I want to soften my criticism of Greenplum‘s announcement of HAWQ a little. This post by Merv Adrian convinced me that part of by blog here looked at the issue of whether HAWQ is Hadoop too simply. I could outline a long chain of logic that shows the difficulty in making a rule for what is Hadoop and what is not (simply: MapR is Hadoop and commercial… Hadapt is Hadoop and uses a non-standard file format… so what is the rule?). But it is not really important… and I did not help my readers by getting sucked into the debate. It is not important whether Greenplum is Hadoop or not… whether they have committers or not. They are surely in the game and when other companies start treating them as competitors by calling them out (here) it proves that this is so.
It is not important, really, whether they have 5 developers or 300 on “Hadoop”. They may have been over-zealous in marketing this… but they were trying to impress us all with their commitment to Hadoop… and they succeeded… we should not doubt that they are “all-in”.

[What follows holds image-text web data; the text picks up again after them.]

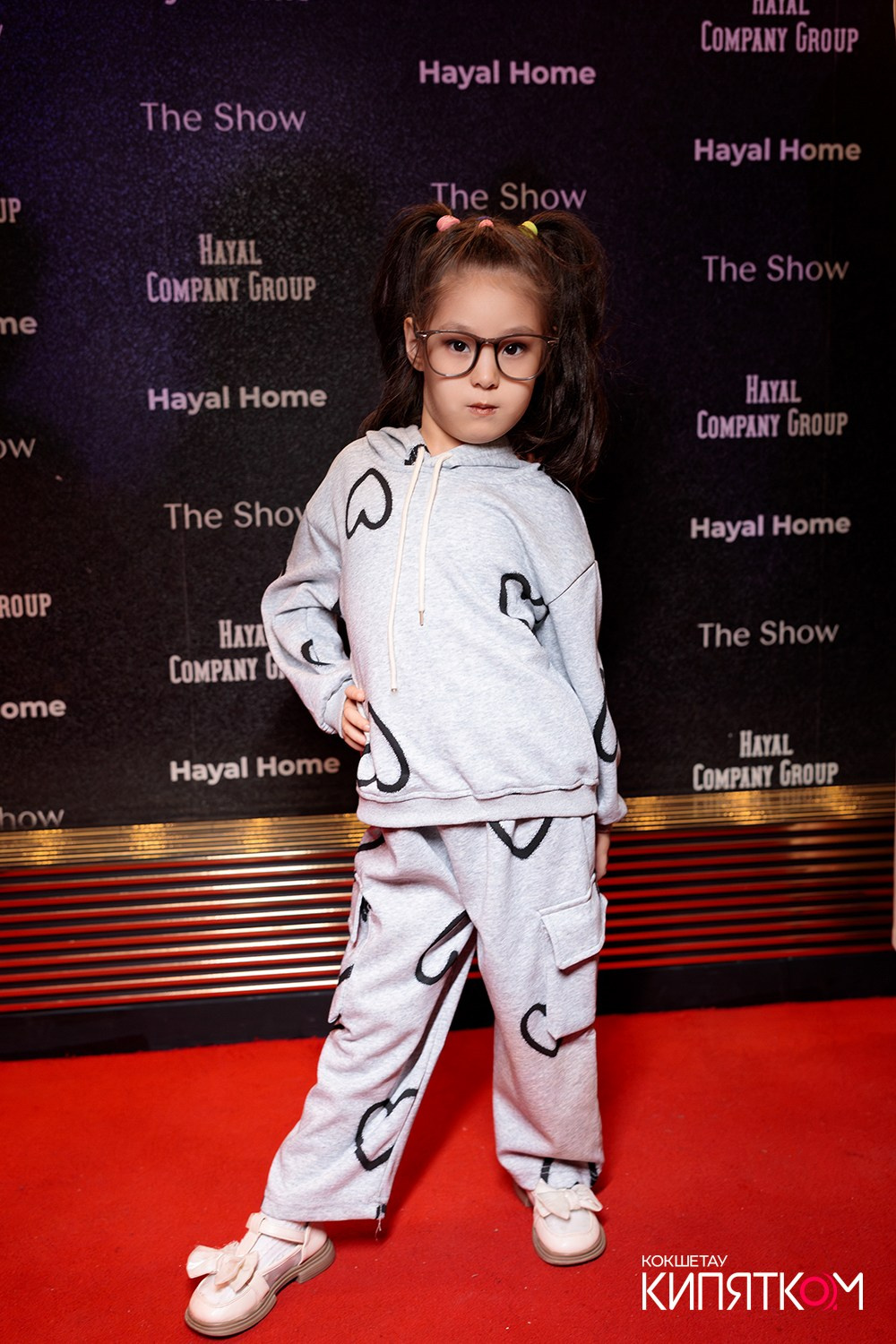 BRAND FASHION SHOW. КИПЯТКОМ КОКШЕТАУ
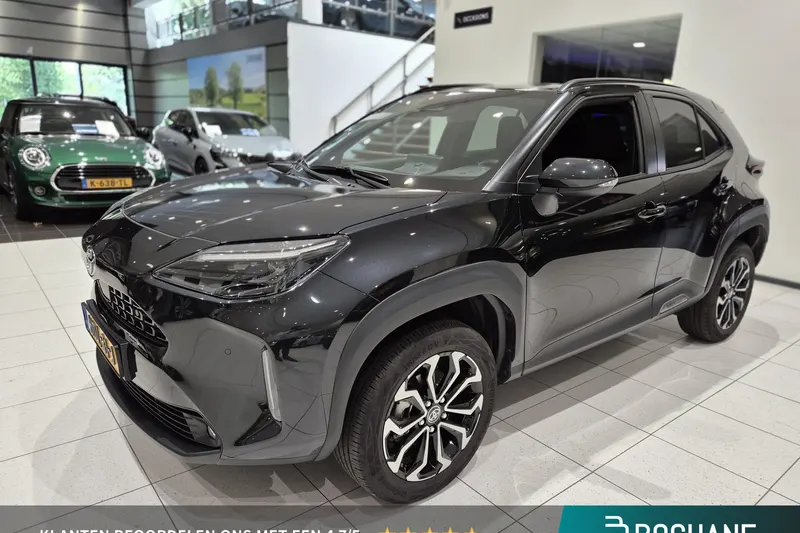 Toyota Yaris Cross (2024)
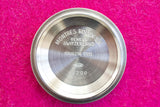 SOLD OUT: 1997 Rolex Datejust Steel 36mm Jubilee 16220 U series Black Dial Box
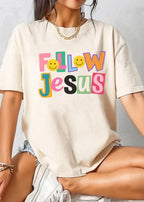 Follow Jesus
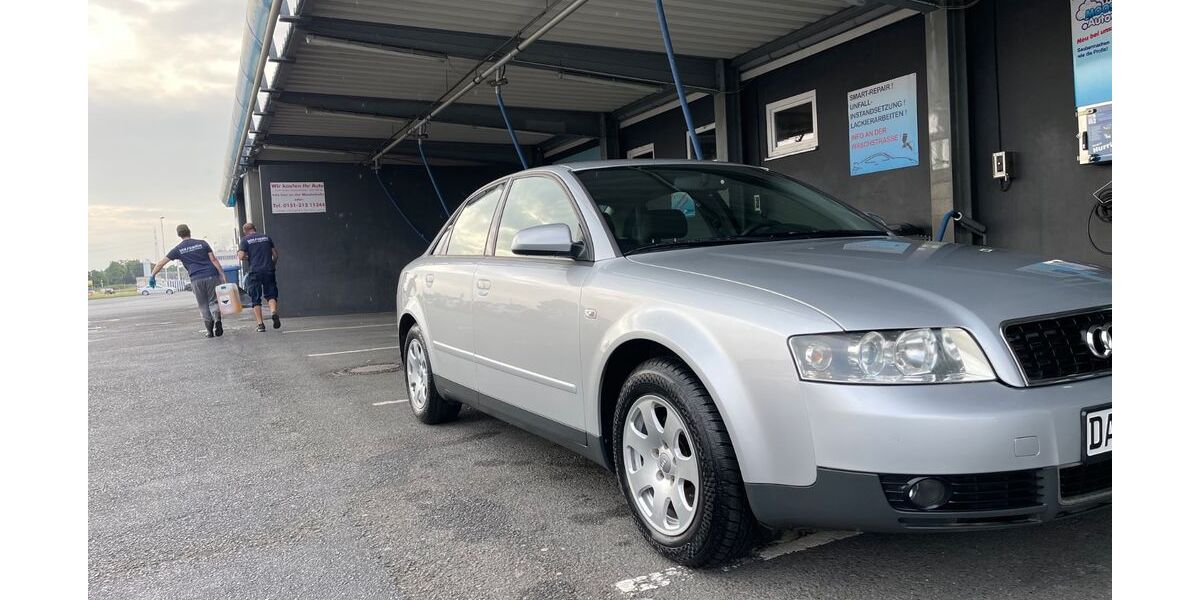 Audi A4 120.650 km 3.650 &euro; Darmstadt 64291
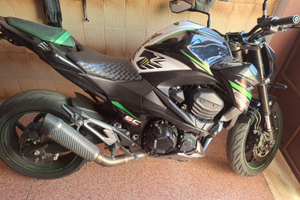 KAWASAKI Z800 PERFORMANCE Abs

This leaves my concern discussed here over the technical sense in deploying Greenplum on HDFS as HAWQ… or deploying Greenplum in native mode with the UAP Hadoop integration features which include all of the same functionality as HAWQ… and 2x-3X better performance.
It leaves my concern that their open source competition more-or-less matches them in performance when queries are run against non-proprietary, native Hadoop, data structures… and my concerns that the community will match their performance very soon in every respect.
It is worth highlighting the value of HAWQ’s very nearly complete support for the SQL standard against native Hadoop data structures. This differentiates them. Building out the SQL dialect is not a hard technical problem these days. I predict that there will be very nearly complete support for SQL in an open source offering in the next 18-24 months.
These technical issues leave me concerned with the viability of Greenplum in the market. But there are two ways to look at the EMC Pivotal Initiative: it could be a cloud play… in which case Greenplum will be an uncomfortable fit; or it could be an open source play… in which case, here comes the wacky idea, Greenplum could be open-sourced along side Cloud Foundry and then this whole issue on committers and Hadoopiness becomes moot. Greenplum is, after all, Postgres under the covers.